Public-domain PQC wins can hide deeper crypto debt. A compliant external handshake may satisfy an initial checkpoint, but it does not remove the long tail of machine identity exposure or the vendor dependencies that often slow migration. Security leaders should use those early wins to justify board-level prioritisation for the harder internal work.
PQC migration will increasingly sit inside identity programmes, not outside them. The organisations that move fastest will treat cryptographic inventory and credential lifecycle control as one problem. That means linking scanning data to ownership data, then using the inventory to decide where the next remediation dollar has the most leverage.
For practitioners
- Baseline every public domain with a PQC handshake scan Start with the internet-facing domains that carry the highest exposure, including subdomains used for APIs, authentication, and partner access. Capture TLS version, supported algorithms, and certificate details so you can compare current state across the portfolio.
- Inventory machine identities that outlive the network edge Map service accounts, API keys, SSH keys, and code signing certificates to the applications and teams that own them.
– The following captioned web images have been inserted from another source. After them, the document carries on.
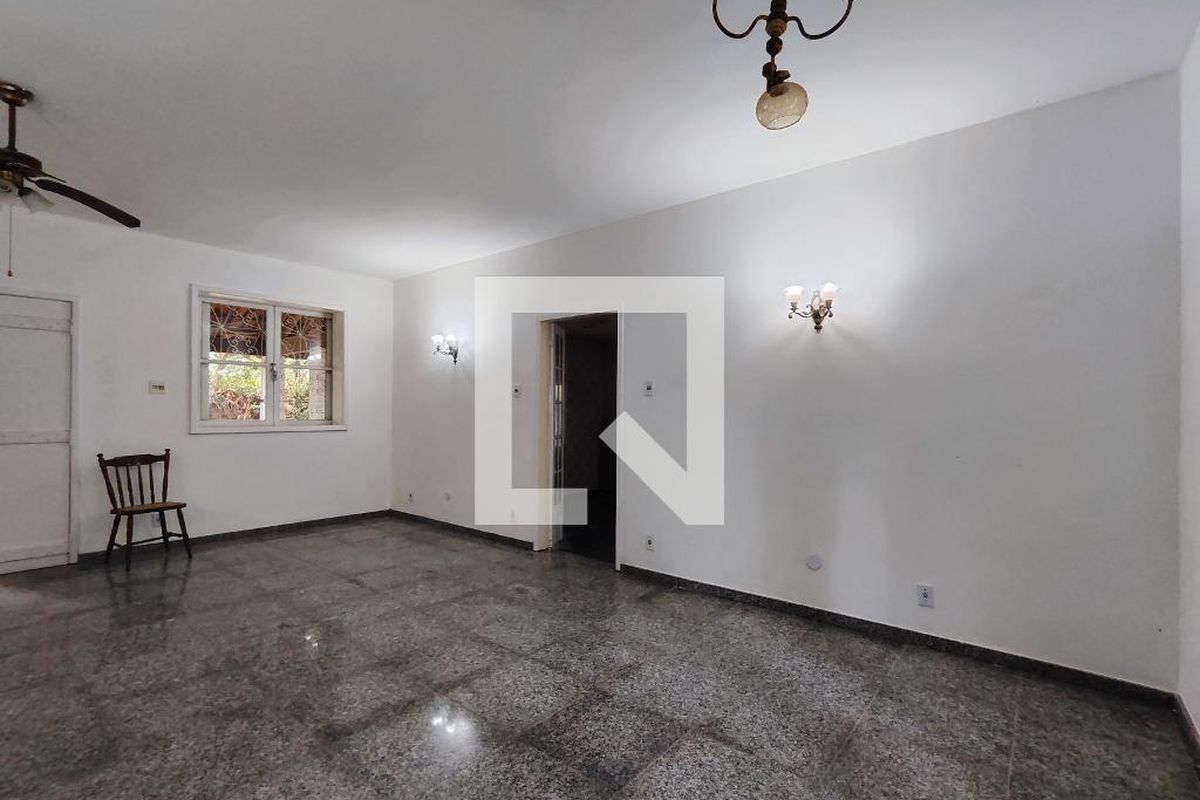Casa, 4 quartos, 400 m² - Foto 8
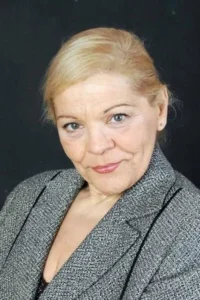 Clotilde De Spirito image 1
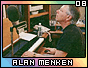 alanmenken08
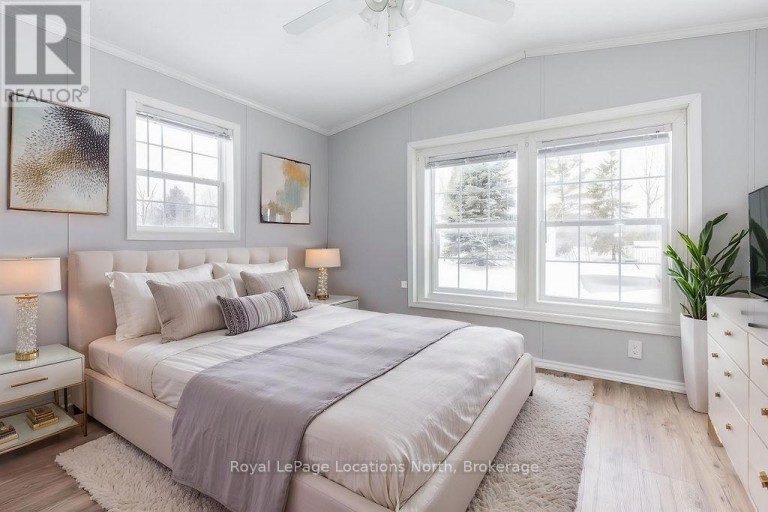 89 GEORGIAN GLEN DRIVE, Wasaga Beach, Ontario, L9Z1K8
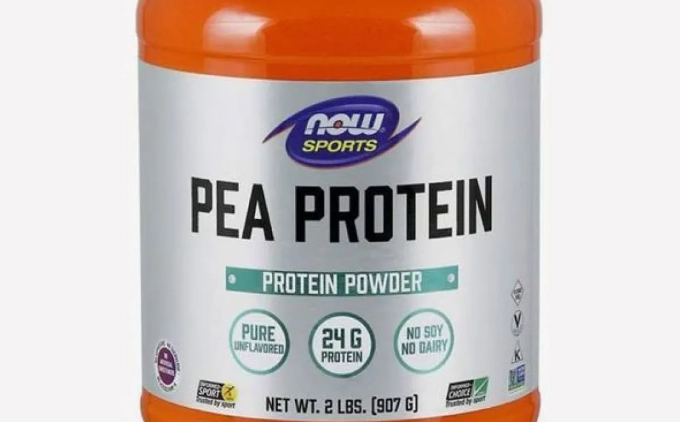 蛋白粉減肥有效嗎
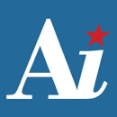 Ailcorp - Get Business License, Certificates, And Virtual Office Services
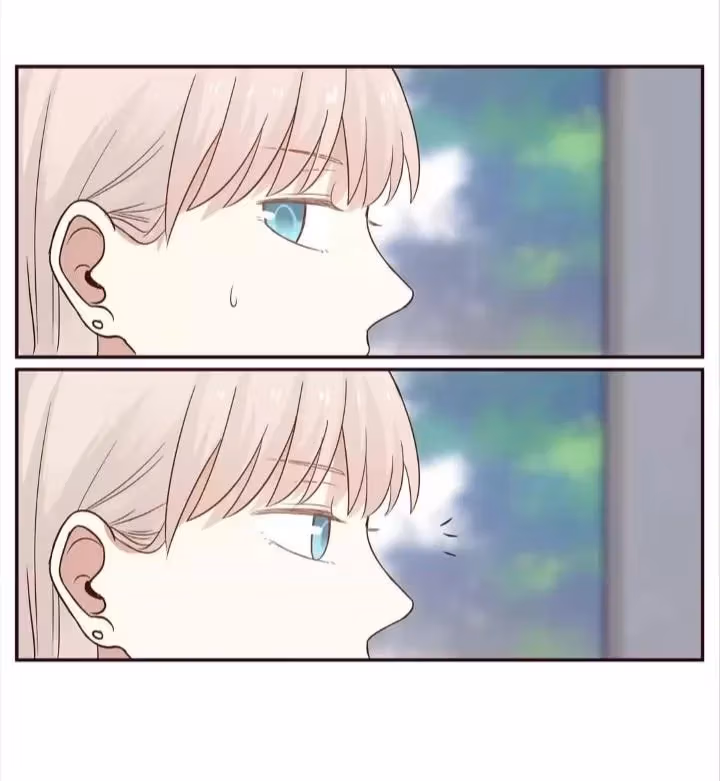 Read Lala chapter 133 image 12 on Lezhin
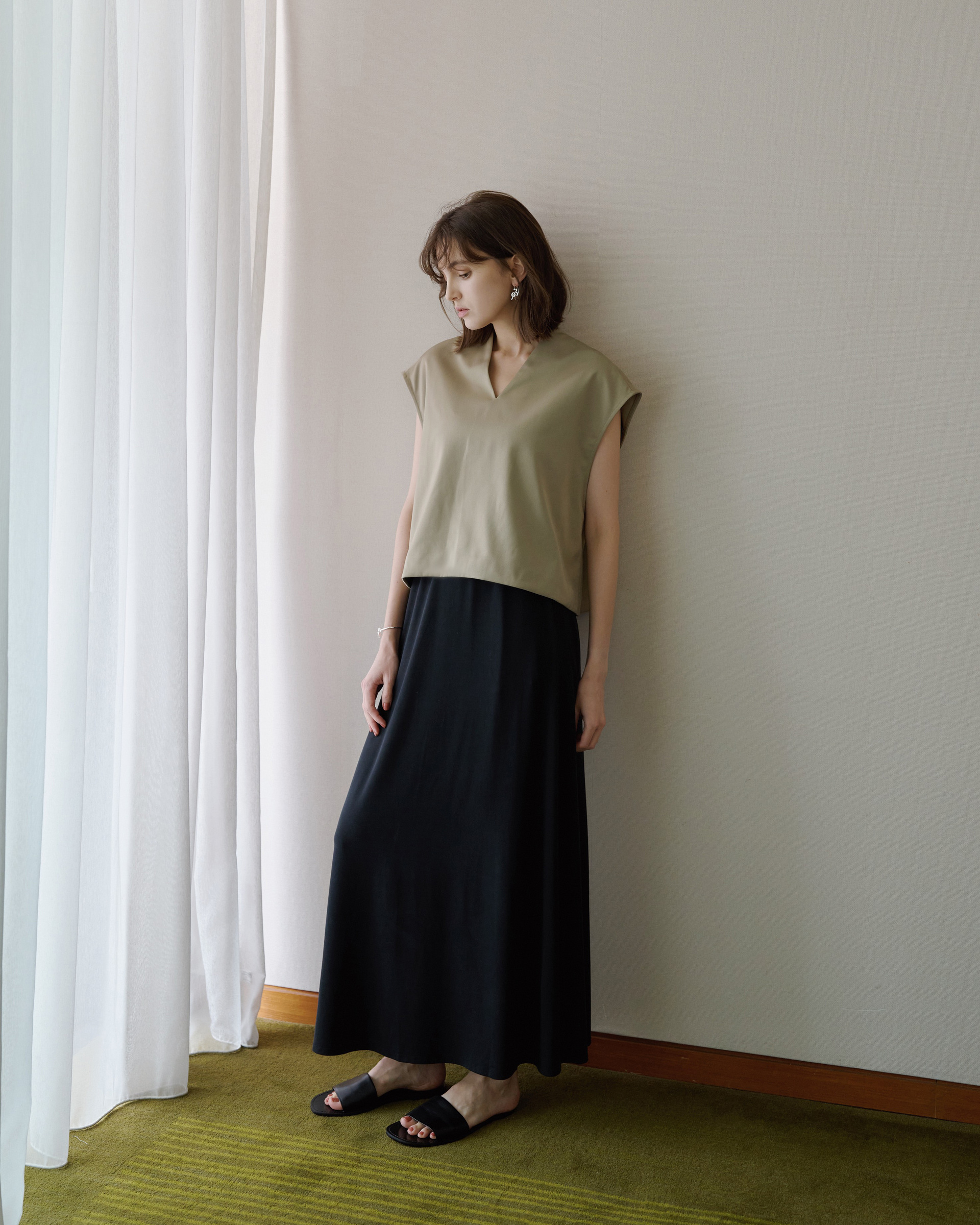 22BFF5E7-2C80-4826-8C0F-9BAA9BFA5038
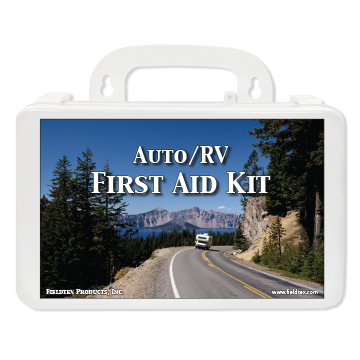 First Aid Kits and Supplies - E-firstaidsupplies.com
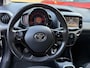 Toyota Aygo 1.0 VVT-i x-play Camera led Nap Beurt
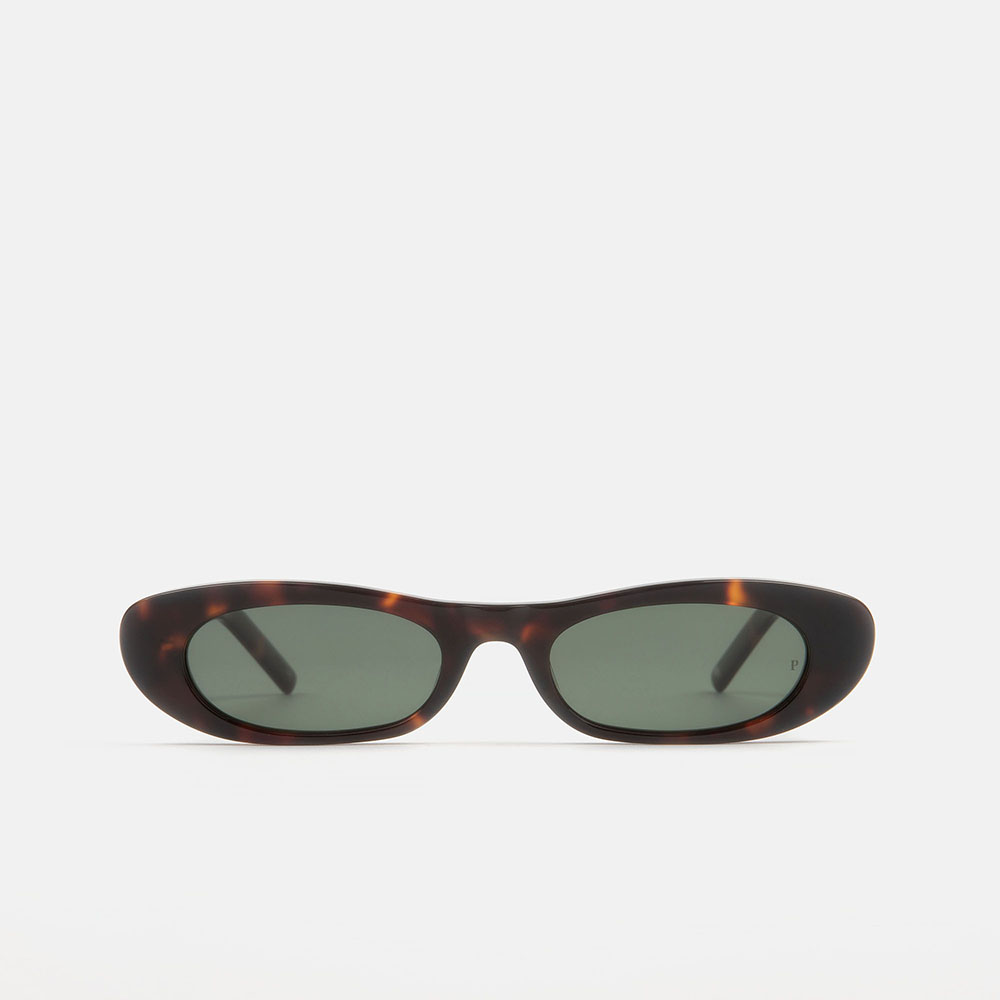 m&oacute; BACALL SUN, carey, large image number 0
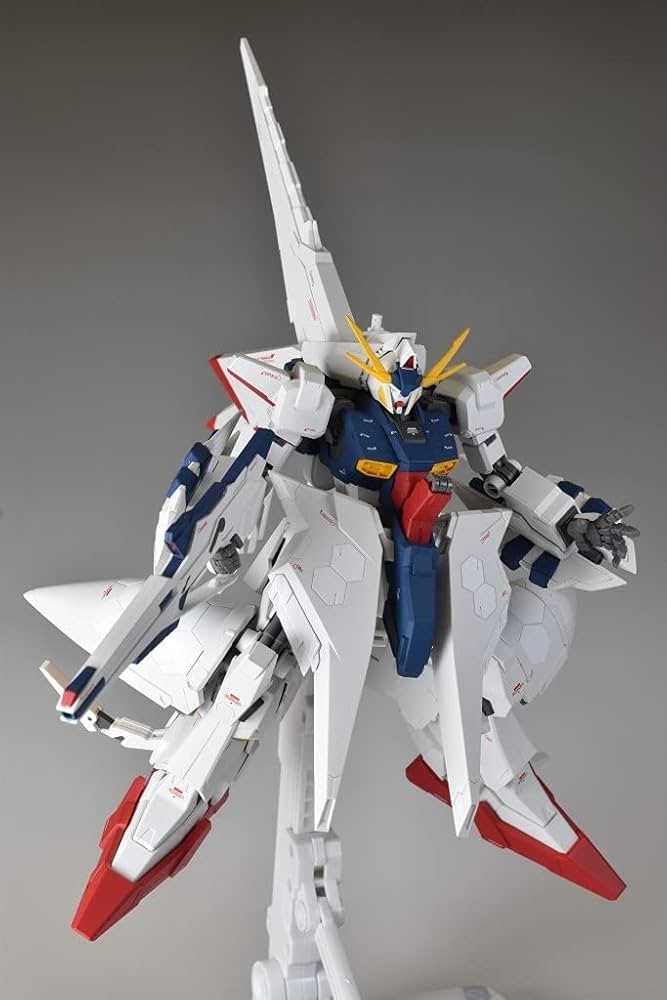 Amazon.co.jp: ROBOT魂 〈SIDE MS〉 ペーネロペー マーキングプラス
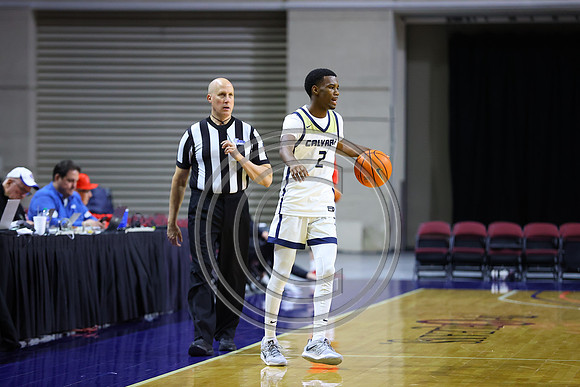 Tarkanian 12-19-22_0165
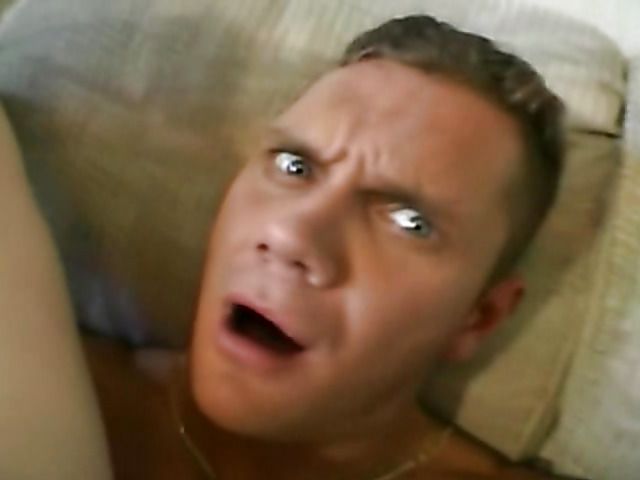 Sex tape of small titted teen amateur Jamie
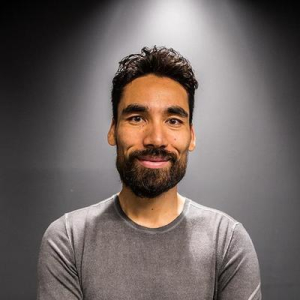 Lifecoach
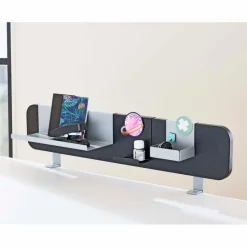 Outlet Paidi Funktionsboard Schwarz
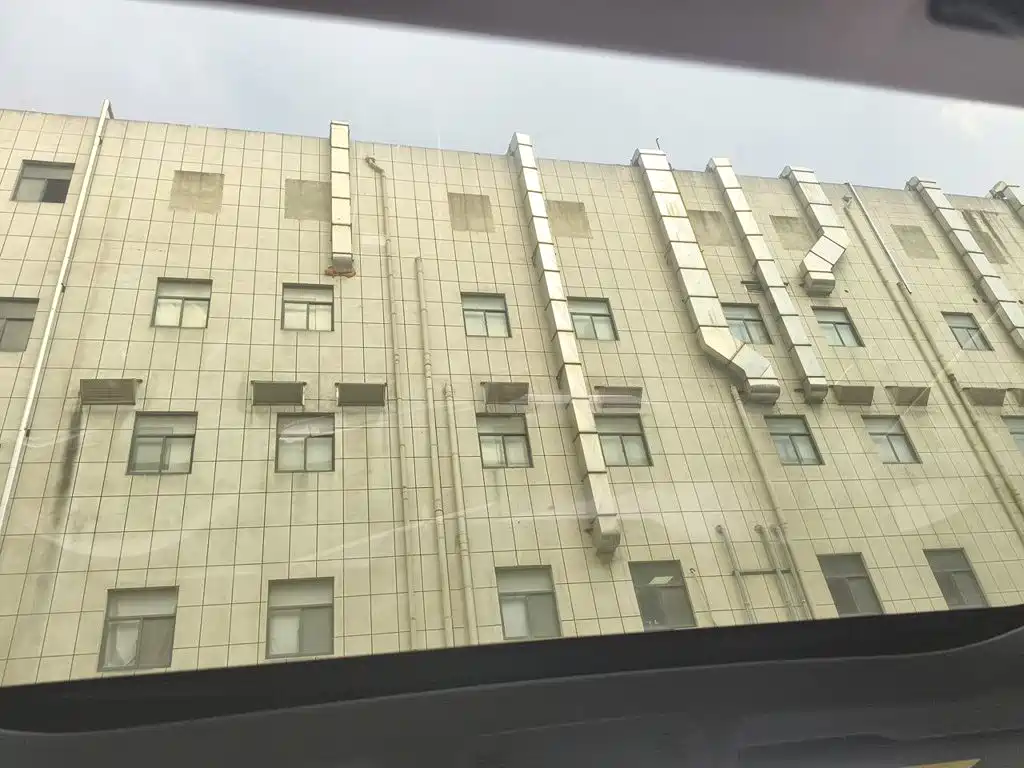 Volkswagen Golf — миниатюра 15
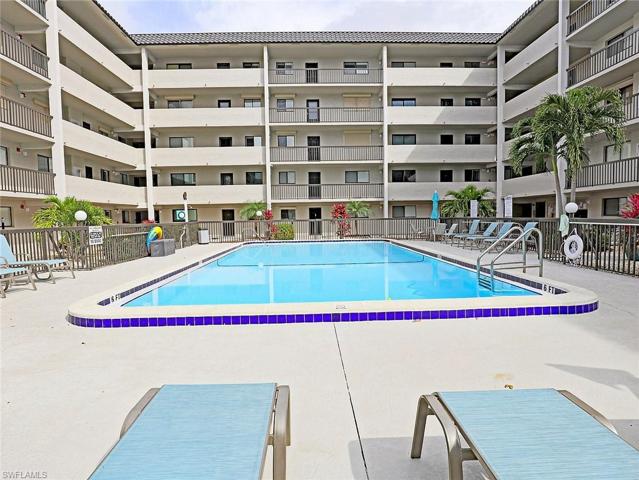 2121 Collier AVE # 118, FORT MYERS FL 33901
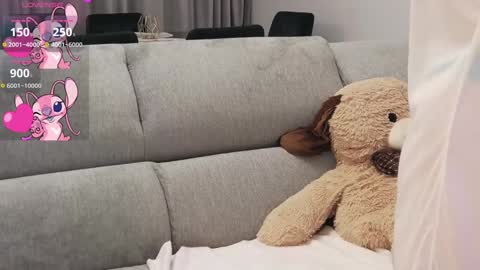 Snapshot of kailyn_moen01 chatting on 01.19.25 Kailyn online show from 01.19.25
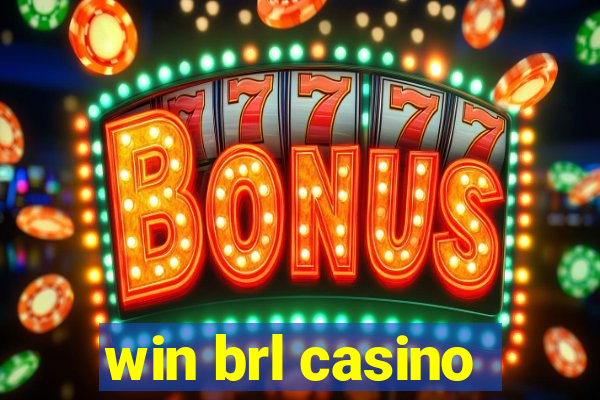 win brl casino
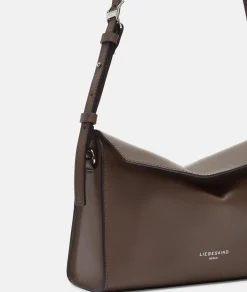 Best LIEBESKIND BERLIN  Lora Crossbody S zimt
Prioritise long-lived credentials and systems with unclear replacement paths, because those are the assets most likely to remain quantum-vulnerable after the first wave of external fixes.
- Validate hybrid negotiation before declaring a domain ready Confirm that critical public endpoints can negotiate both classical and post-quantum key exchange during the transition period. Use that result as a migration checkpoint, then trace dependencies that still rely on classical-only behaviour in internal tooling or vendor-managed services.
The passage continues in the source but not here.